Data stored in your CRM can be universally valuable across your organization. Accurate data points return ROI indicators, sales forecasts, engagement activity, and other insights that can be utilized to increase sales and improve targeting and customer service. But what happens when that data becomes unorganized, incorrect, or outdated? Now you’re swimming in a sea of misinformation. We asked our CRM experts for some tips to clean and maintain CRM account data. Here’s what they had to say:
When a customer comes to us and says they want to clean up their CRM Accounts, they are typically referring to a few different aspects of their data:
- Identifying and merging duplicate accounts, aka duplicate detection
- Removing accounts that no longer have business value, i.e. prospects from 5 years ago that never became customers
- Having more complete data on accounts in CRM
- Having more accurate data on accounts in CRM
To get started with duplicate detection, we suggest first asking your CRM consultant for recommendations. Odds are, they probably have some trusted partners they’ve worked with before who they know can perform an accurate duplicate data scan.
For example, at TAI, we’ve partnered with a company out of the UK called DQ Global. We work with them to do one-time data cleaning for our customers or periodic scans through their subscription product that runs on a regular (i.e. daily, weekly, etc.) basis via StarfishETL. DQ Global’s service/product allows customers to match on a variety of criteria (i.e. name and city) and set parameters for how ‘close’ of a match the values must be. The service also gives us the authority to decide whether to mark the duplicates for a user to review or merge automatically.
Removing Old Accounts
For older data that no longer has business value, we recommend putting together a data governance policy and then building processes to automate that policy. A data governance policy defines the rules and regulations for how your CRM users can work with and share your data. Proper data governance streamlines processes and creates consistencies to keep everyone on the same page. As you start creating a data governance policy, keep these tips in mind:
- Define a clear purpose and scope for your data policy. Who or what does it apply to? What doesn’t it apply to?
- Define policies for all aspects of your data: data access, data usage, data integration, data integrity, etc.
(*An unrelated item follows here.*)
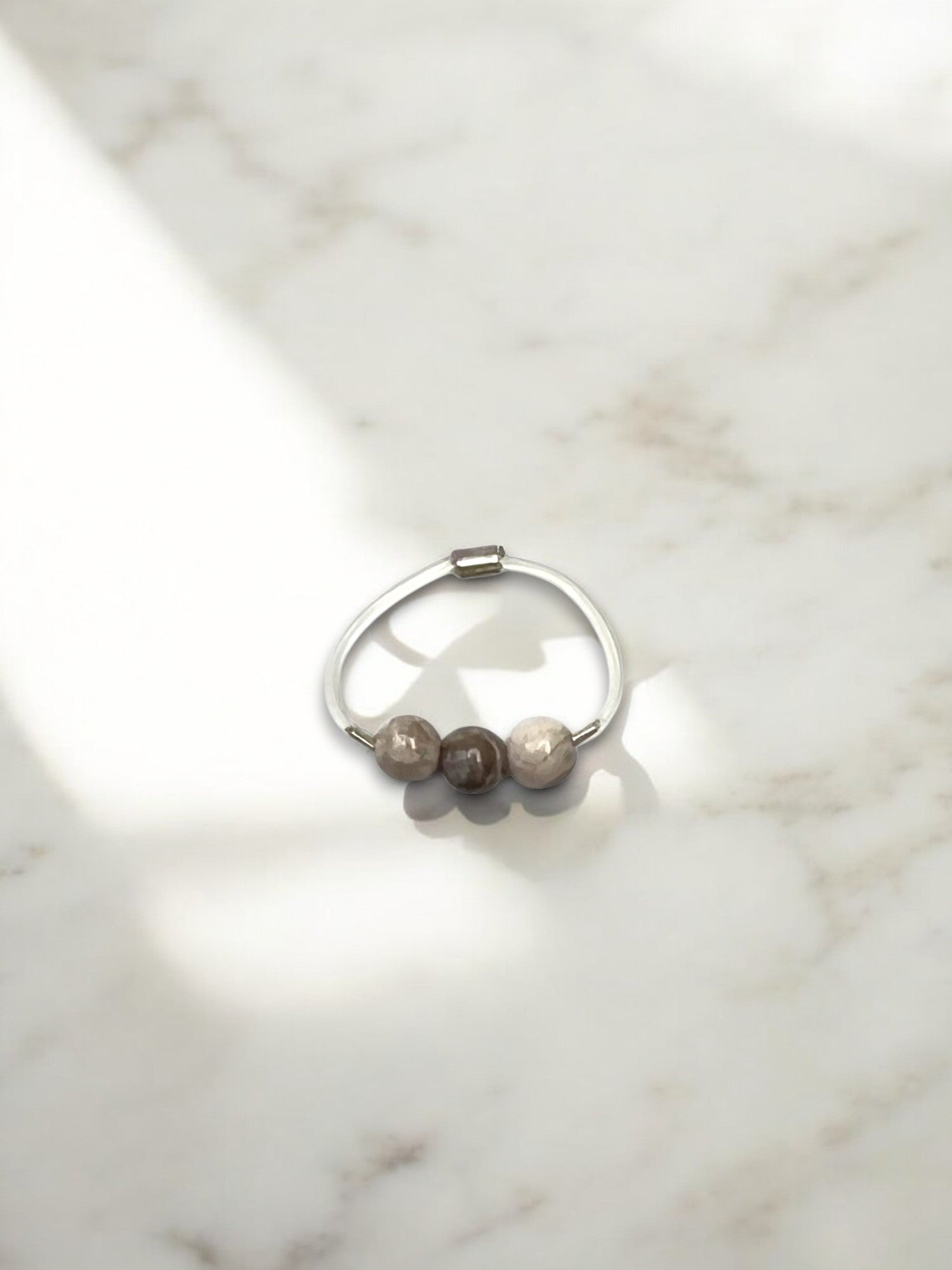 Stretch Gemstone Toe Rings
- Clearly define the roles and responsibilities of each person and/or department being asked to comply with your policy
- If you use any specific terminology in your business, compile those terms and provide clear definitions for each in your data policy
- Put a data governance team in place to lead the adoption of the new policy and uphold the parameters you set for governance
Once your data governance policy is set, find a tool to automate as much as possible. This frees up your teams and helps prevent errors and misplaced data. Our sister company, StarfishETL, is one example of a useful tool for automating your data governance. StarfishETL allows users to set up an automated job to run at the intervals they choose. Ask your consultant for recommendations on automating a data governance plan to be sure you’re using the right tools and executing it in the right way for your systems.
Creating Complete CRM Account Data
For better data completion, consider the following two options:
- Look at which fields are required: Make sure the most important data fields are required where feasible. This will ensure that users cannot forget to complete these fields.
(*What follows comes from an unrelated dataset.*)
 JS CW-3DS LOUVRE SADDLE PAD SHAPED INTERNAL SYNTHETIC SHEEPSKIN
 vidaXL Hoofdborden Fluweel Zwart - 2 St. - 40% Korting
- Build mechanisms to identify less complete accounts: This could be accomplished by building reports to show the records' missing key values. Or, you could set up a data score via a calculated field in your CRM. On top of that, consider incentivizing data completeness and/or gamifying it in some way (i.e. a data completeness leaderboard showing which division(s) and which user(s) have the best data completion scores).
Maintaining Accurate CRM Account Data
For better data accuracy, consider partnering with a data enrichment service. Many CRM companies are making data enrichment capabilities a priority for their products. One example of this is the Hint feature in SugarCRM. Hint is built into Sugar and can provide an additional source of account and contact data for users to easily add information to an account.
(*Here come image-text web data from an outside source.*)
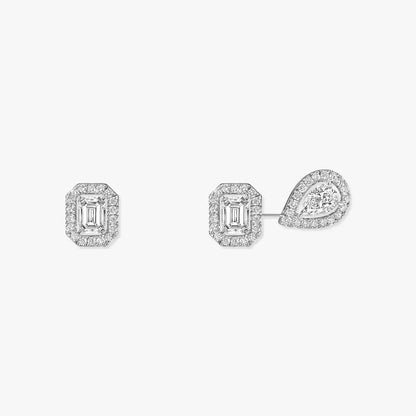 [Peak]MY TWIN 1+2 DIAMOND EARRINGS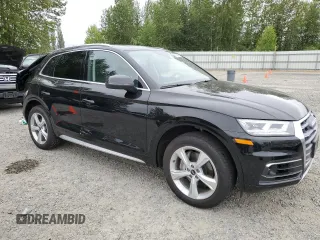 2020 Audi Q5 Prestige with VIN WA1CNAFY2L2116594, listed as a Copart auction lot 60760165 with 37,487 mi miles and Salvage title. Bid and sale history available at DreamBid. Image 4.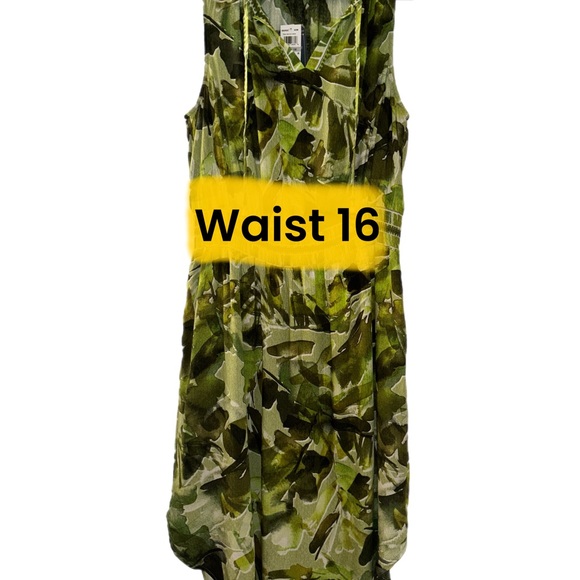 Democracy Green Sleeveless Scoop Neck Sundress with Pockets - Picture 6 of 12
If your CRM doesn’t offer innate data enrichment, consider partnering with a company that specializes in the type of enrichment you need. For example, if having accurate addresses is important, consider integrating with an address verification and National Change of Address program – we’ve partnered with SmartSoft and used their AccuMail product for this need with our own customers and have received positive feedback on their experiences.